删除该image对应的元数据,即image-meta.json文件。

//ceph-csi/internal/rbd/rbd_util.go

func cleanupRBDImageMetadataStash(path string) error {
    fPath := filepath.Join(path, stashFileName)
    if err := os.Remove(fPath); err != nil {
        return fmt.Errorf("failed to cleanup stashed JSON data (%s): (%v)", fPath, err)
    }

    return nil
}

至此,rbd driver-nodeserver的分析已经全部完成,下面做个总结。
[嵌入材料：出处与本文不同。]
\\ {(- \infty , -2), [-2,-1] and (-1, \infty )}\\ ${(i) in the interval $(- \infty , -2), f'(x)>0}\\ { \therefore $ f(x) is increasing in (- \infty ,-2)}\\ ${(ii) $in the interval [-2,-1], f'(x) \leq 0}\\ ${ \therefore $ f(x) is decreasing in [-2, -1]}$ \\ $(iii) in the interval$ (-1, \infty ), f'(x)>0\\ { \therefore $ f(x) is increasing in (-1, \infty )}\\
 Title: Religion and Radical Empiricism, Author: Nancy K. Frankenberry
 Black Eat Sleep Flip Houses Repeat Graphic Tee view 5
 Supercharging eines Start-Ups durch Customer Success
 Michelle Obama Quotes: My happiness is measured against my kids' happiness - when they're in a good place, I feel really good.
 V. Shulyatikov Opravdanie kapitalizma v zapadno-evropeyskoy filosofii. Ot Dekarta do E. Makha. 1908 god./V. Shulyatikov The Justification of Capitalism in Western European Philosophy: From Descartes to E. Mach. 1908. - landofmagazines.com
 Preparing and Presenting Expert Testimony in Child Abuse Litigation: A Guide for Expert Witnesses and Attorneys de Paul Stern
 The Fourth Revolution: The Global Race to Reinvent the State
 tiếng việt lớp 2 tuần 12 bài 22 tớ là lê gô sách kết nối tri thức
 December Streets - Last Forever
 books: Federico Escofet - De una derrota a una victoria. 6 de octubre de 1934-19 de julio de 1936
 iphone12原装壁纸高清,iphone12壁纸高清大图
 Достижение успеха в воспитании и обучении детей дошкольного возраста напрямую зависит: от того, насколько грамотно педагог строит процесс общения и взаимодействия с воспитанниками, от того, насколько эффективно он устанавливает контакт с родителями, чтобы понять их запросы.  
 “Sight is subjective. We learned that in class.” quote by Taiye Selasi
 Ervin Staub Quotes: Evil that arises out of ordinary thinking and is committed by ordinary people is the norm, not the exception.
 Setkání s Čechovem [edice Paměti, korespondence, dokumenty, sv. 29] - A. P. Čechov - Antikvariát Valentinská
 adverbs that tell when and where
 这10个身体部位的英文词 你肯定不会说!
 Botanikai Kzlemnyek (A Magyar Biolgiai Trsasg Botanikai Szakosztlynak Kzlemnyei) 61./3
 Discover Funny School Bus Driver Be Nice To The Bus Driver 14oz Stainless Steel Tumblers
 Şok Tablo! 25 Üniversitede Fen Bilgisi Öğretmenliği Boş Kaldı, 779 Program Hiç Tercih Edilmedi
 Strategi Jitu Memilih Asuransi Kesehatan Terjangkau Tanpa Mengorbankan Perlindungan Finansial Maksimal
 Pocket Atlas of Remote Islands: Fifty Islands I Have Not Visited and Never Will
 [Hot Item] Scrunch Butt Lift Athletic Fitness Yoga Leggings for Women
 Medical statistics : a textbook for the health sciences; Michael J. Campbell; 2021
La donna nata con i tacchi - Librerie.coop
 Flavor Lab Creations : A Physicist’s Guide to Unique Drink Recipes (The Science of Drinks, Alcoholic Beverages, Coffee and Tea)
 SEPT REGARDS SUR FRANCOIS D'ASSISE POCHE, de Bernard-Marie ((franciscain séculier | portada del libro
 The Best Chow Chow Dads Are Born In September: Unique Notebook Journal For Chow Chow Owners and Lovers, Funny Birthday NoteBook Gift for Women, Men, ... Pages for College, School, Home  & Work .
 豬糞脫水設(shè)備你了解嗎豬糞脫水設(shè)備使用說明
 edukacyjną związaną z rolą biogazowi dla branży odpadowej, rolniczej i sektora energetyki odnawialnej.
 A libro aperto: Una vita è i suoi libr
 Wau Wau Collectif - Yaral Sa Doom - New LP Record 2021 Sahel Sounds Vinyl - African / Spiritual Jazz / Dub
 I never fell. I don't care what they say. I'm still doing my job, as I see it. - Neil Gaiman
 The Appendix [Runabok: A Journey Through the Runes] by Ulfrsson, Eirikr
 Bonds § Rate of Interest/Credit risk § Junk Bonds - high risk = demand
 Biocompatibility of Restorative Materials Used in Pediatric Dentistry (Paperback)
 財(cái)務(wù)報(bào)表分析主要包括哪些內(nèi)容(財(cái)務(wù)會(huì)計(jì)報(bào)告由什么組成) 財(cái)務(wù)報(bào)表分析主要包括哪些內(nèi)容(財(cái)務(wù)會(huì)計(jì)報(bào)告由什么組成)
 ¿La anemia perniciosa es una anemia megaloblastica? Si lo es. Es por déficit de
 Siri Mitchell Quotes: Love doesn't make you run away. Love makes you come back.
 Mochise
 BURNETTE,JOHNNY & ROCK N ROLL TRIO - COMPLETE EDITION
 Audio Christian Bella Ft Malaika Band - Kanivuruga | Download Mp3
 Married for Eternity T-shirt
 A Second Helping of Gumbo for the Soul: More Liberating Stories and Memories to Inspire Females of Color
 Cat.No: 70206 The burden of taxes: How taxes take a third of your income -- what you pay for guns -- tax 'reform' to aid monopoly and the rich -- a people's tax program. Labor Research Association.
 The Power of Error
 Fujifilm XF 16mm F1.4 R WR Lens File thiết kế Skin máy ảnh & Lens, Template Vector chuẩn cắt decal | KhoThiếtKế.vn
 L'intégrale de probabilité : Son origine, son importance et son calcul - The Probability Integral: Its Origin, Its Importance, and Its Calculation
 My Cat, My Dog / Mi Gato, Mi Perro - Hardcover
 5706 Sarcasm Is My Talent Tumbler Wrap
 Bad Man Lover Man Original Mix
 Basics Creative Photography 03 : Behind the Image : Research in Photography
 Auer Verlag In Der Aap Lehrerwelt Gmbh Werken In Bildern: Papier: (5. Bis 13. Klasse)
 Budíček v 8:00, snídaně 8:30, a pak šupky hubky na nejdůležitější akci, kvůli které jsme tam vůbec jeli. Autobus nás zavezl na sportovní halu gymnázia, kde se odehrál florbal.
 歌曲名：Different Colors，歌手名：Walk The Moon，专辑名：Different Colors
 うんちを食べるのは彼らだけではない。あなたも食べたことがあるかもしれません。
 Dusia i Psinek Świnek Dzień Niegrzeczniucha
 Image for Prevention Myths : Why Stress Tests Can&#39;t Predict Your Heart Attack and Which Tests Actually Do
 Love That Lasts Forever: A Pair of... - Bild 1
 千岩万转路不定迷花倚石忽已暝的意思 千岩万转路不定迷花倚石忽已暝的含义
(1)nodeserver主要包括了NodeGetCapabilitiesNodeGetVolumeStatsNodeStageVolumeNodePublishVolumeNodeUnpublishVolumeNodeUnstageVolumeNodeExpandVolume方法,作用分别如下:

NodeGetCapabilities:获取ceph-csi driver的能力。
NodeGetVolumeStats:探测挂载存储的状态,并返回该存储的相关metrics给kubelet。
NodeExpandVolume:在node上做相应操作,将存储的扩容信息同步到node上。
NodeStageVolume:将rbd image map到node上的rbd/nbd device,并格式化后挂载到staging path。
NodePublishVolume:将NodeStageVolume方法中的staging path,mount到target path。
NodeUnpublishVolume:解除掉stagingPath到targetPath的挂载。
NodeUnstageVolume:先解除掉targetPath到rbd/nbd device的挂载,然后再unmap掉rbd/nbd device(即解除掉node端rbd/nbd device与ceph rbd image的挂载)。

(2)在kubelet调用NodeExpandVolumeNodeStageVolumeNodeUnstageVolume等方法前,会先调用NodeGetCapabilities来获取该ceph-csi driver的能力,看是否支持对这些方法的调用。

(3)kubelet定时循环调用NodeGetVolumeStats,获取volume相关指标。

(4)存储扩容分为两大步骤,第一步是csi的ControllerExpandVolume,主要负责将底层存储扩容;第二步是csi的NodeExpandVolume,当volumemode是filesystem时,主要负责将底层rbd image的扩容信息同步到rbd/nbd device,对xfs/ext文件系统进行扩展;当volumemode是block,则不用进行node端扩容操作。

(5)一个rbd image挂载给一个node上的多个pod时,NodeStageVolume方法只会被调用一次,NodePublishVolume会被调用多次,即出现该情况时,staging path只有一个,而target path会有多个。你可以这样理解,staging path对应的是rbd image,而target path对应的是pod,所以当一个rbd image挂载给一个node上的多个pod时,staging path只有一个,而target path会有多个。解除挂载也同理,当挂载了某个rbd image的所有pod都被删除,NodeUnstageVolume方法才会被调用。